Случалось, папа заявлял: „Хватит, совсем измоталась. Сегодня идешь с нами“. Лиза сидела на плебейском пляже, незаметно наблюдая за писательской средой. Он, не дождавшись ее в машине, уже там, за проволокой, курит, смеется обаятельно в окружении мужчин и женщин. И каких женщин! Хочется ей туда, за проволоку? Ей хочется плакать, она с разбега ныряет в соленые слезы и плавает до изнеможения. Ладно, ладно, она поступит в университет и еще не то им всем покажет (что покажет? не то — забавный оборот).
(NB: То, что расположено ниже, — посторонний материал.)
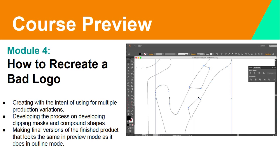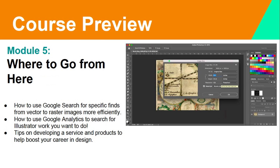Module 4 covers how to recreate a bad logo with the intent of using it for multiple production variations, developing the process of creating clipping masks and compound shapes, and making final versions that look the same in preview mode as in outline mode. This breaks it down to show different methods for different types of production — whether you need to produce a dimensional item or multiple layers, this method shows you how to take one image and create as many variations as needed for signs, crafts, or graphics.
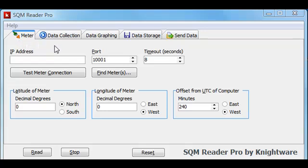A word about the hardware setup for this demonstration. The demo computer is running Windows Vista Home Premium, and it's connecting to a router wirelessly. The meter is connected to the same router with an Ethernet cable, so we're all located within the same local area network.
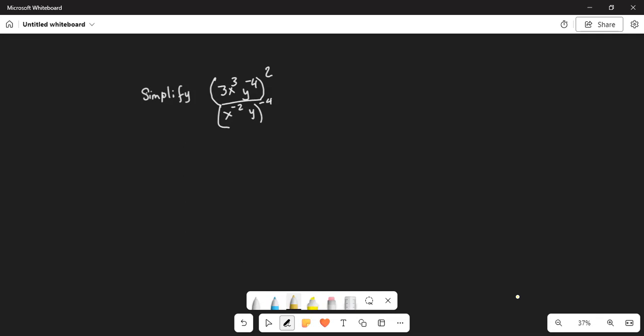Simplify: in the numerator inside the bracket, 3x cubed times y to the power of minus 4, holding exponent 2, divided by in the denominator inside the parenthesis x to the power of minus 2 multiplied by y, whole thing exponentiated to minus 4.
И завтра к нему не пойдет, и послезавтра, и вообще никогда не пойдет: она ему не нужна — и он ей не нужен.
Однако зачем-то она была ему нужна, и рай продолжался. Вернувшись с пляжа в свою выбеленную, раскаленную жаром каморку (девять рублей за сутки), провинциалы обмерли. Колыхалась марлевая подсиненная занавеска, ворох пунцовых роз возлежал на подоконнике. „Тут что-то не так!“ — сказал Вася, а женщины словно обезумели: непонятно (понятно!), но прекрасно (прекрасно!). Допрос хозяйки, капитанской вдовы, и трех отпетых ее отпрысков ничего не дал, лишь младший малютка исподтишка подмигнул Лизе.